Platform Engineering and DevOps
A Mental Model for Platform Engineering and DevOps
A co-worker recently asked me when is the right moment to build a platform when building a software organization what made me thinking about the exact term and when to actually start taking care nurtoring a platform in a software organization. This post is an attempt to bring certain aspects I know and have read about for multiple years into the equation and provide a holistic view on DevOps and Platform Engineering.
The DevOps Hype and Delusion, and Science
Depending on different sources, the DevOps movement really ignited in 2009 at the Velocity Conference when John Allspaw and Paul Hammond demonstrated how Flickr deployed to production ten times a day, a number that seemed almost like Science Fiction for the audience1.
After that the usual hype cycle set in while the unicorns and FAANG companies started making their mark in the industry and pushing the needle further in regards to velocity metrics (Amazon deploying to production every 11.6 seconds in 20232)

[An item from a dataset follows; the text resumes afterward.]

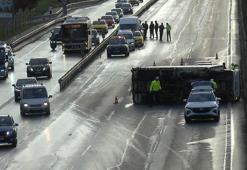 Kadıköy'de et yüklü kamyonet devrildi: 1 yaralı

Unfortunately, those results were hard to replicate for a broader population mainly because there was no recipe fo success that was based on empiristic evidence or research on how to achieve the promises of DevOps as a organization.
2012, Puppet started conducting the State of DevOps survey to draw a conclusive picture on the adoption of DevOps principles and outcomes3. That effort was later taken over by the DevOps Research and Assessment (Dora), a research organization funded mainly by Google.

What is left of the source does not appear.